*** Block opens ***
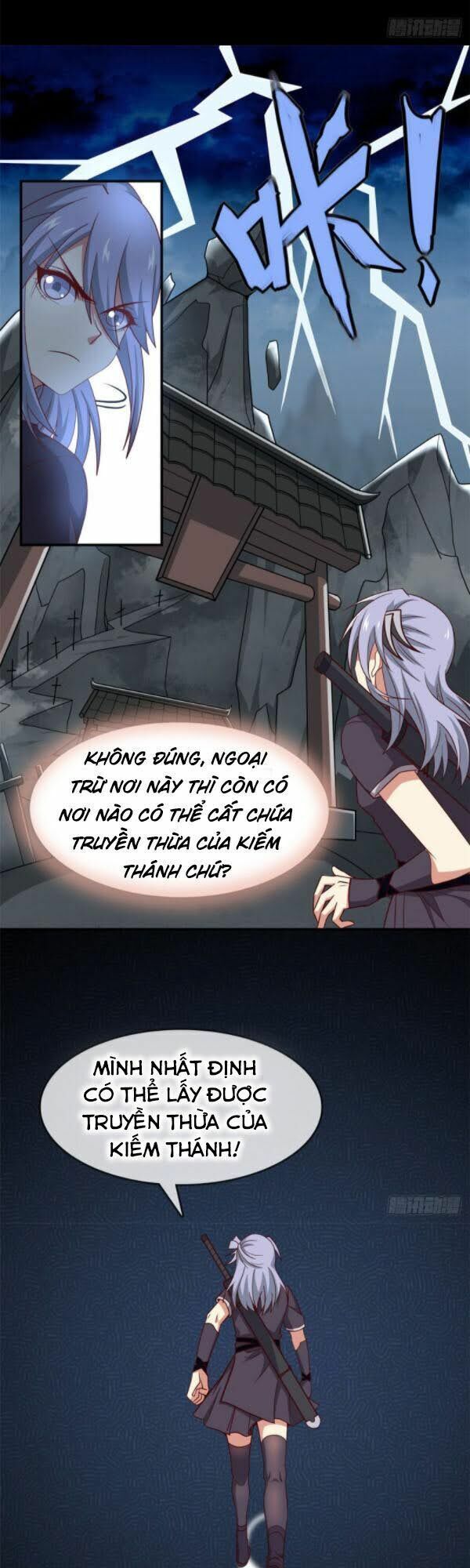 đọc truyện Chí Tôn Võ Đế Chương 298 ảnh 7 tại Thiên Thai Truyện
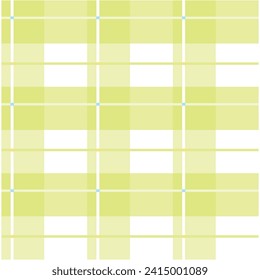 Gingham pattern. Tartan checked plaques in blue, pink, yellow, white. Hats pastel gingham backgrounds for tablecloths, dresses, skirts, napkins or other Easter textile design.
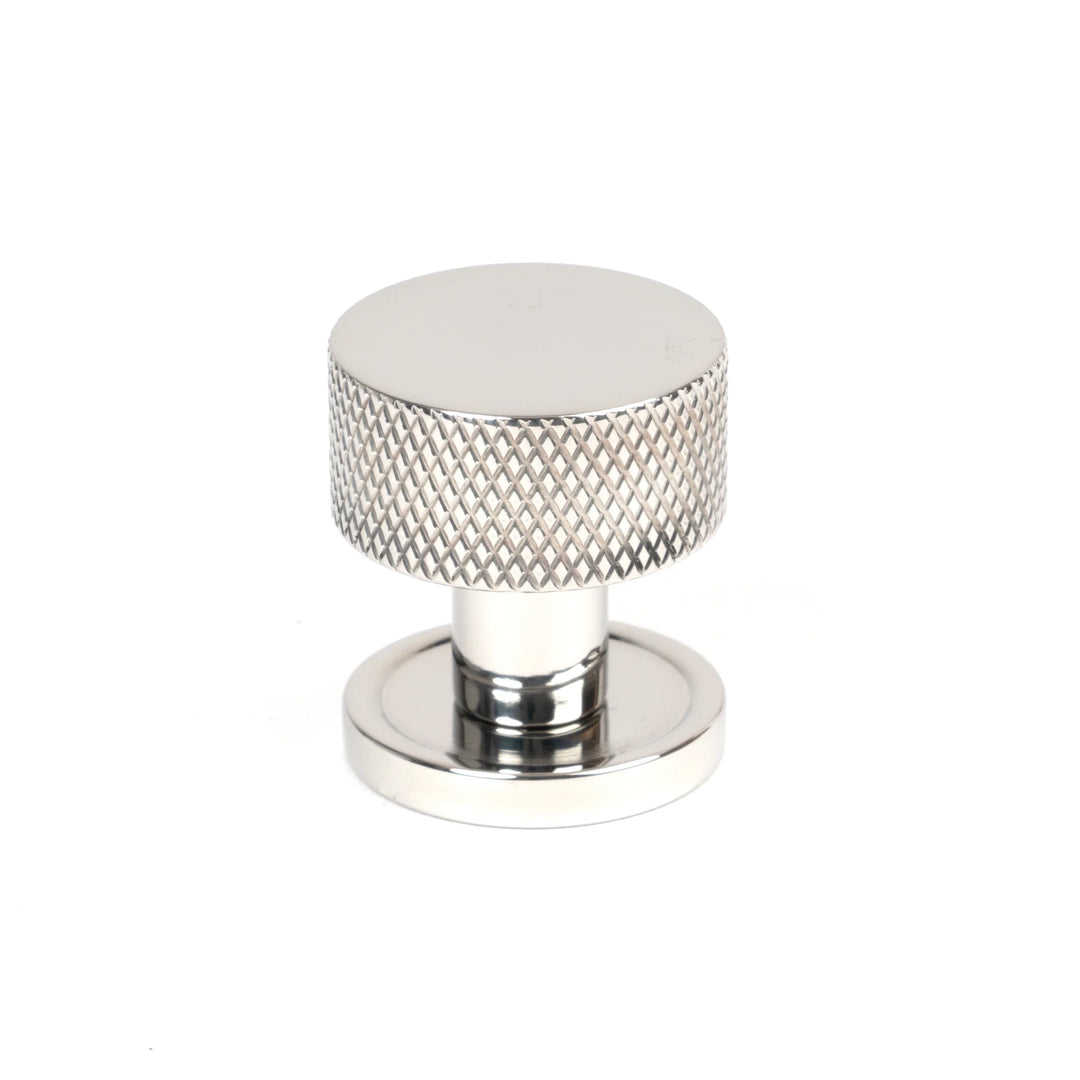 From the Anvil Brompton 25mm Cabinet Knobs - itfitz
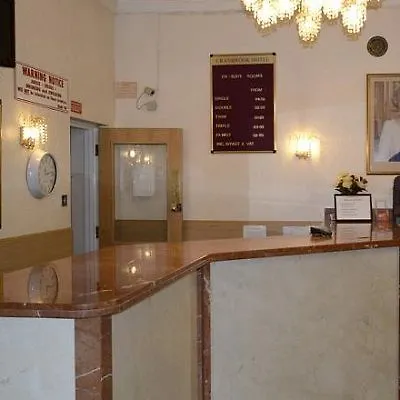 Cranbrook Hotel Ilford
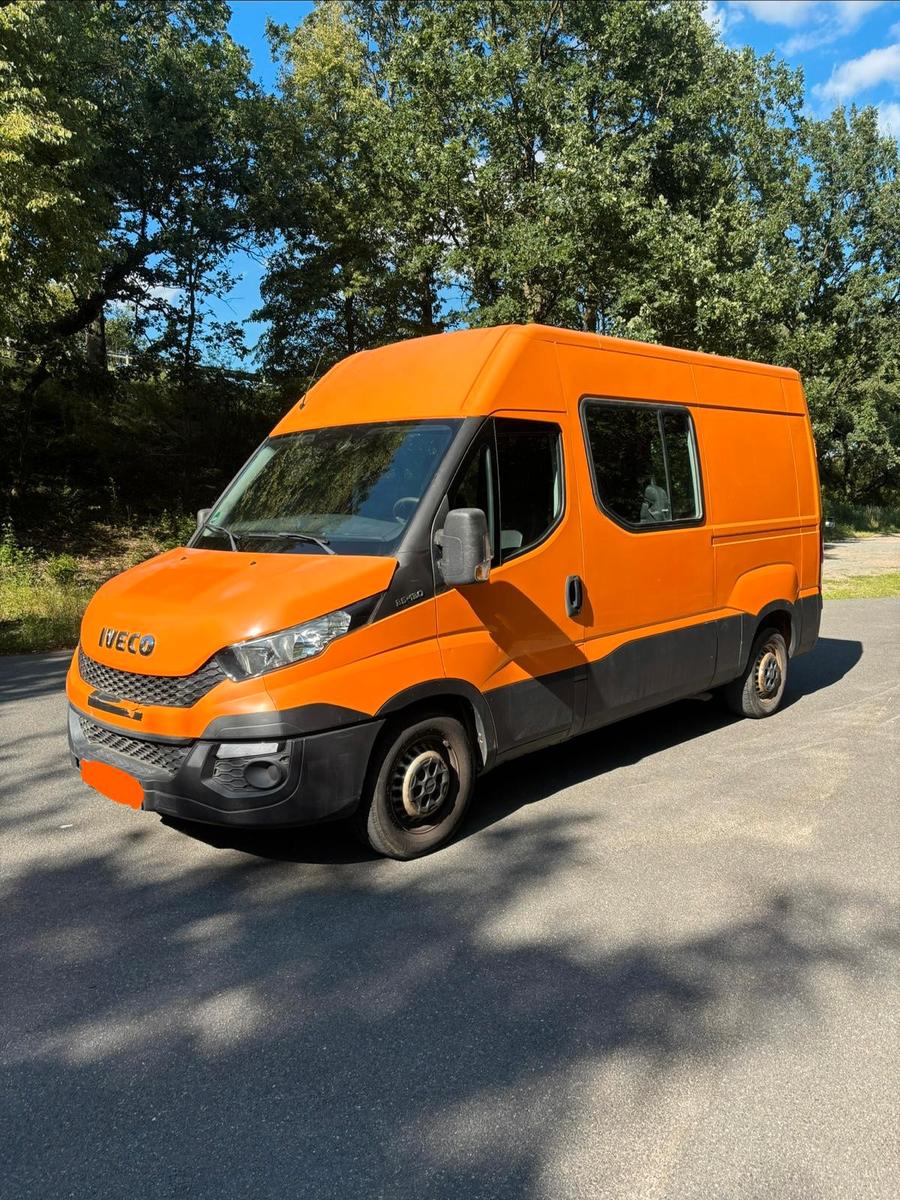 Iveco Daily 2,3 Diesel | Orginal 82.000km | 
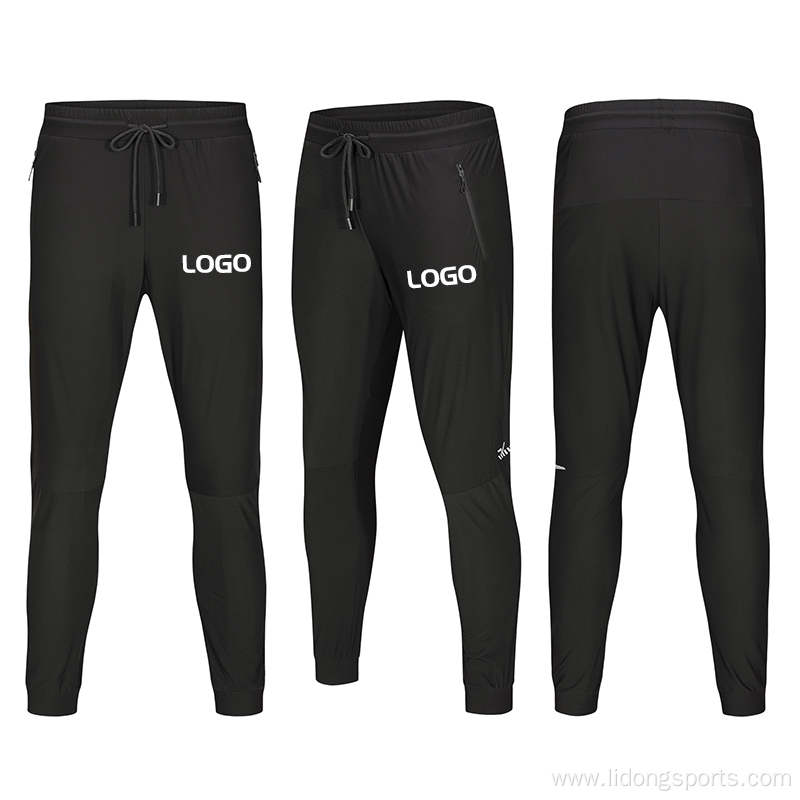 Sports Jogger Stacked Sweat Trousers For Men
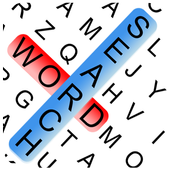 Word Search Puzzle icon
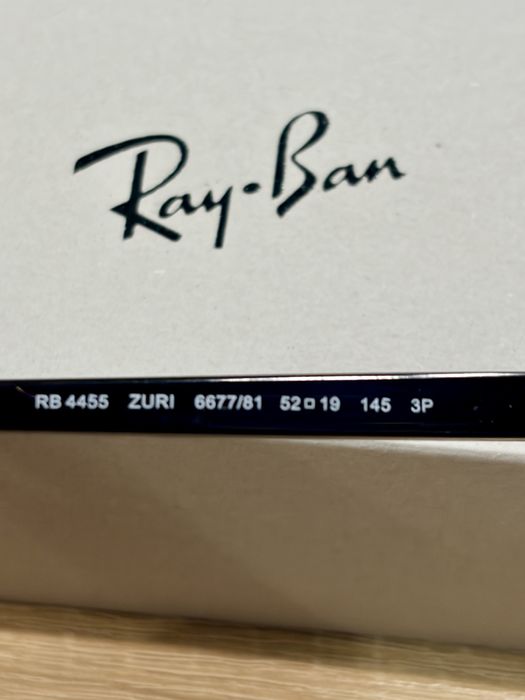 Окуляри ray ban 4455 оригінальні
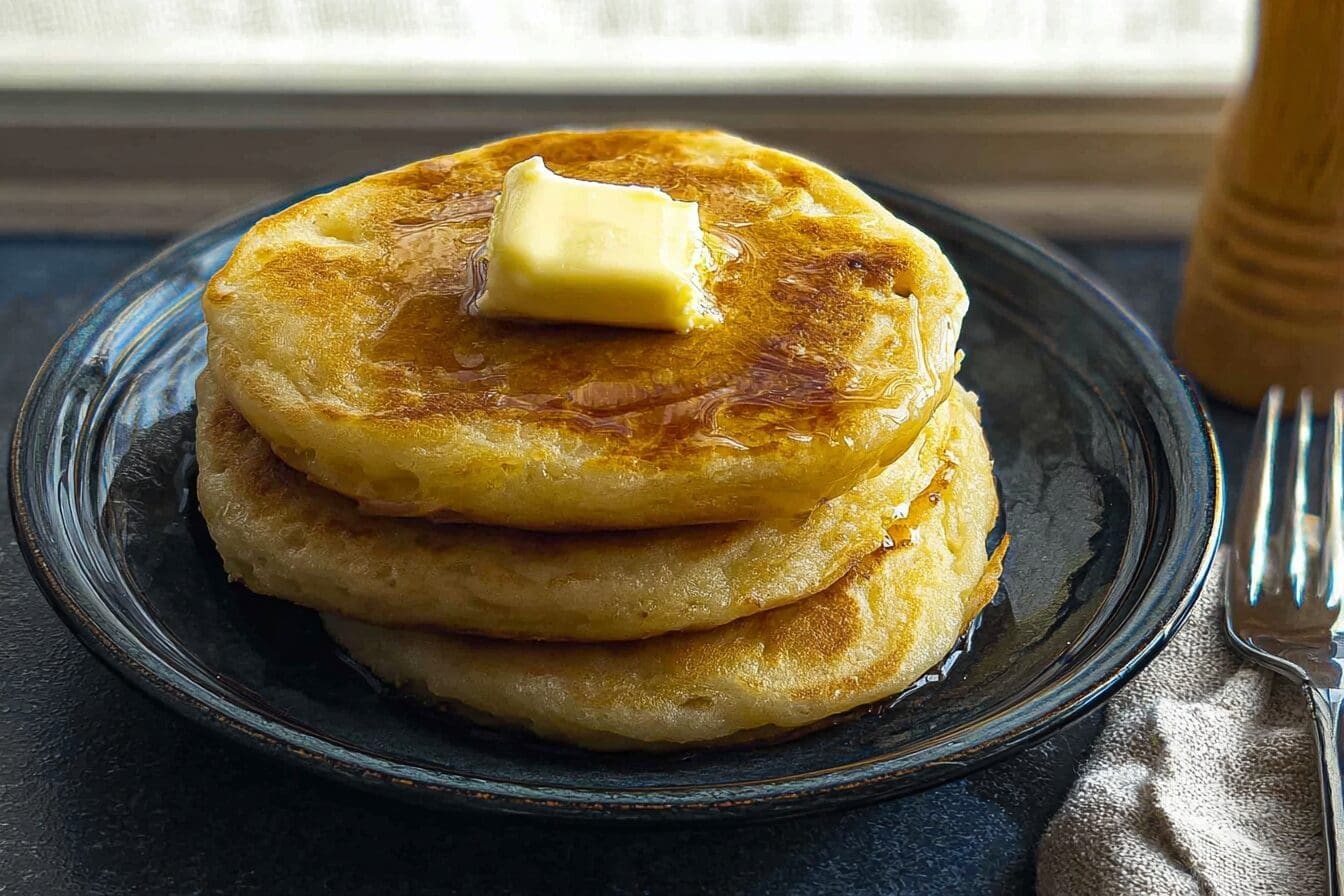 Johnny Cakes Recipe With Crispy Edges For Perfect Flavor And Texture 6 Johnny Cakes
*** Block closes ***
#### Task to complete:
Copy exactly the lines from the one containing "Cranbrook Hotel Ilford" through the final line of the records above, both included, and leave out any pictures.

#### Solved exercise:
 Cranbrook Hotel Ilford
 Iveco Daily 2,3 Diesel | Orginal 82.000km | 
 Sports Jogger Stacked Sweat Trousers For Men
 Word Search Puzzle icon
 Окуляри ray ban 4455 оригінальні
 Johnny Cakes Recipe With Crispy Edges For Perfect Flavor And Texture 6 Johnny Cakes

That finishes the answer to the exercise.